Anayasalar toplumsal sözleşmelerdir. Kaba tabiri ile yasaların anası değil, bilakis toplumsal bütünlüğün, toplumsal anlaşmanın ve nihayet toplumsal asgari müştereklerin maddeler halinde belirtilerek, bu sosyal sözleşme temel alınarak toplumun yönetilmesi, yönlendirilmesidir.

Bir sermaye şirketinin kuruluş aşamasındaki en önemli evresi şirket ana sözleşmesinin taraflarca hazırlanmasıdır. Daha maddi olarak Anayasayı da bu şekilde mikro düzeyde değerlendirdiğimizde; basitten, karmaşığa  doğru bu ana sözleşmede neler olması gerektiği ve yer alması zorunlu bazı kriterleri ve isteğe bağlı olarak da yan istekleri görebiliriz. Şirket ana sözleşmelerinin vazgeçilmez ve olmazsa olmaz maddeleri vardır ve bunlar o sözleşmede bulunmak zorundadır. Nedir bunlar?

En başta şirketin ünvanı ve şirketin biçimi, anonim mi? Limited mi? Vs. , daha sonra şirket merkezinin yeri , yani adresi, yine devamla şirketin sermayesi ve sermaye pay durumları ve bu sermayenin ödenme biçimi, şirketin amaç ve konuları, yani kurulan bu şirket ne yapacak, neleri yapabilecek, hangi alanlarda faaliyet gösterecek, daha sonra bu faaliyetlerini yapabilmek için hangi yetkileri olacak ve bunları kullanacak kişilerin seçimi ve yıl sonunda elde edilecek kazancın ne şekilde dağıtılacağı gibi konular ana sözleşmede yer alır. Anayasalar da bunlardan farklı değildir.

1982 Anayasası halk oyuna sunulmuş ve % 92 gibi bir oy çoğunluğu ile kabul edilmiş bir anayasadır. 1982 Anayasasına oy veren halk, komşu ülkelerden gelip de oy kullanmamış, bilakis bu ülke insanı oy kullanmıştır. Diğer bir konu Askeri bir dönemde oylanması ve oy kullanıldığı esnada her sandığın başında dipçik zoru ile kullanılmış oyların toplamı da değildir.

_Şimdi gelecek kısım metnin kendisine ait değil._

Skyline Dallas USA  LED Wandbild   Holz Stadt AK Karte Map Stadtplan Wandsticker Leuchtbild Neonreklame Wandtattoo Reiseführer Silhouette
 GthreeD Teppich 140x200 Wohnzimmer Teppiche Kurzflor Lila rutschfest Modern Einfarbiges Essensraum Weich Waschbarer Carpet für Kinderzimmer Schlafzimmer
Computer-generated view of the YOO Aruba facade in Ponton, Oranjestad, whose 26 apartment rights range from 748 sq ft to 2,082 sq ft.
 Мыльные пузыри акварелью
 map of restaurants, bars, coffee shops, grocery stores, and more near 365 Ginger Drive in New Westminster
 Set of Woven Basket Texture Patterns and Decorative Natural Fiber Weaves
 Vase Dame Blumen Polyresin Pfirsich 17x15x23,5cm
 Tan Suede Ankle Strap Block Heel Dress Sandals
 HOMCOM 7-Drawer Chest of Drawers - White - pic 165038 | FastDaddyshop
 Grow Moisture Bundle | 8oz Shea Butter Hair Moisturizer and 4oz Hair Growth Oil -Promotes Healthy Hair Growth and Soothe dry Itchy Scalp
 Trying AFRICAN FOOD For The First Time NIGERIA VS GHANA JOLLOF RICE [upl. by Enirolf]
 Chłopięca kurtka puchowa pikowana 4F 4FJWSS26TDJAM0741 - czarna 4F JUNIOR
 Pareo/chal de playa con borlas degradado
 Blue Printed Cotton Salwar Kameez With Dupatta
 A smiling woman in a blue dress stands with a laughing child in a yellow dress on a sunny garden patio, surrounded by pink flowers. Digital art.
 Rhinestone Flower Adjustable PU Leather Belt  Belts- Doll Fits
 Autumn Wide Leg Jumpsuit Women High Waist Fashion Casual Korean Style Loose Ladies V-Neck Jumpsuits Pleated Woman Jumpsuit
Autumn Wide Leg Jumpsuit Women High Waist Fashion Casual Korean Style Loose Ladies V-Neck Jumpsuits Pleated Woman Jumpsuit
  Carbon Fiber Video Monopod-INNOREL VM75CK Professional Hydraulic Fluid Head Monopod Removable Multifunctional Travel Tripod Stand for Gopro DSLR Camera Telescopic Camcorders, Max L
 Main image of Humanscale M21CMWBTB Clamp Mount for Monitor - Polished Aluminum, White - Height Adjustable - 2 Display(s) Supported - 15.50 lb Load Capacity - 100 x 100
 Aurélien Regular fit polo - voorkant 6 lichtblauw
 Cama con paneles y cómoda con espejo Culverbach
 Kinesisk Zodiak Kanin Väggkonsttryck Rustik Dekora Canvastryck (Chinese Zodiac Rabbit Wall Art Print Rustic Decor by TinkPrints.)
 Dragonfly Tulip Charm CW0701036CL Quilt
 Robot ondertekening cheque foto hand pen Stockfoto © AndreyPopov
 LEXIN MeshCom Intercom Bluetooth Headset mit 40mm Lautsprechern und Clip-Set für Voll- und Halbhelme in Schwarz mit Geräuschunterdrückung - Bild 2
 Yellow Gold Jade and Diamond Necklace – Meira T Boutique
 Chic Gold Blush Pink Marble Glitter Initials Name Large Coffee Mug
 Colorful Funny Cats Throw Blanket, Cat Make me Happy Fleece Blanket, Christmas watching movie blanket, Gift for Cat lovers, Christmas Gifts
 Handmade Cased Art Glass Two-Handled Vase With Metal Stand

Mesela ben kendi hür irademle o anayasaya HAYIR demiş bir kişiyim. Yürürlüğe girdiği o günden bu tarafa da 116 maddesi günün şartlarına göre, gerek uzlaşarak, gerekse de referandum yolu ile değişmiş ve ilk hali ile bir ilgisi hemen hemen kalmamış bir anayasadır. Burada asıl amaç özellikle değişmeyen ve değiştirilmesi teklif dahi edilemeyen maddelerin değişmesi ise, kusura bakmayın ama Türk Milleti kendi ayağına kurşun sıkacak kadar da aptal değildir.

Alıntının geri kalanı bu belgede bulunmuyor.